7. Learning a New Language Can Boost Your Career Prospects
Unless you've been living under a rock for the past twenty years, you've probably noticed how the world is becoming more globalized.
Thanks to things like the Internet, the frequency of cooperation, collaboration, and communication between people from different language backgrounds is increasing at a rate never before seen in human history.
This means that if you know more than one language, you can take part in all of this increased activity, and benefit your work opportunities and career as a result.
For example, you can be like me, and use your language skills to help people from different countries improve their language skills.
Or you can be like my cousin, a scientist in Canada whose knowledge of both English and French combined has made a huge difference in his career trajectory.
In my life, I've met many, many people who fall into the latter group. Since these people know two, three, four or more languages, they are able to use those languages as "tools" to help them do more meaningful work and have a greater impact on the world, as well.
You can think of every language you learn as a "tool" in much the same way. Just like every tool in a toolbox can help you solve new problems and overcome new obstacles, every language you learn can help you do the same for your career.
If these seven benefits have shown you anything about languages, I hope it's this:
Learning a new language is never a waste of time.
It takes a lot of time, effort, and energy to learn a language, surely, but once you do, it will always be beneficial to you, and often in ways that are completely unexpected.
Even with just one foreign language under your belt, you'll be a more well-rounded and more disciplined person.
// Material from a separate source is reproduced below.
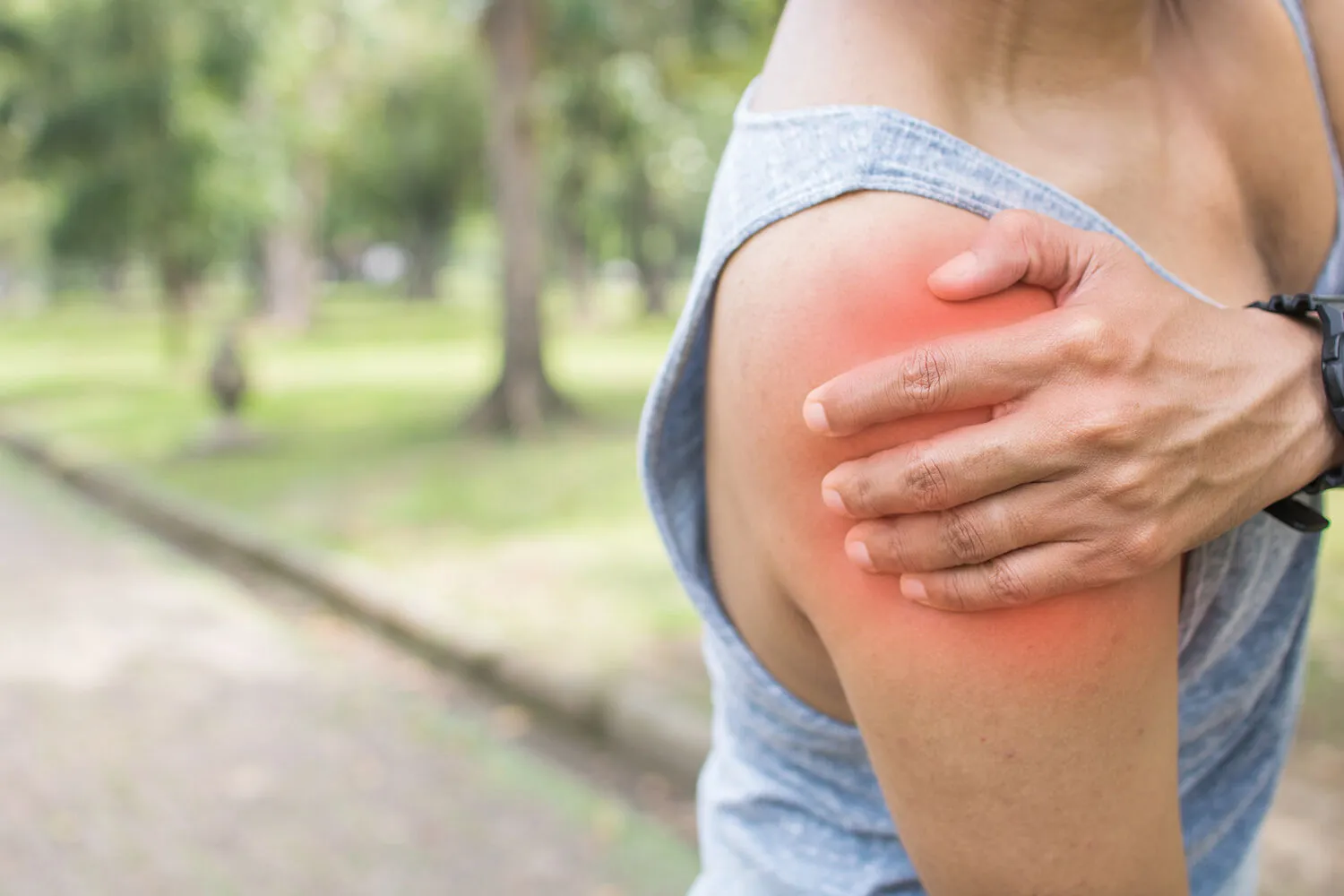 woman having a shoulder pain after walking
You'll be able to travel to more places, meet more people, and even find more dating partners, if you wish. You'll even have broader career opportunities, if you know how to look for them. And you can do all this again and again, with as many languages as you'd like.
Languages don't just give you more than you had. They make you more than you were.
If you've been on the fence about learning a new language, try to keep that thought in mind. Focus on the fact that if you start today—if you start right now—you'll soon be well on the path to a newer, better you.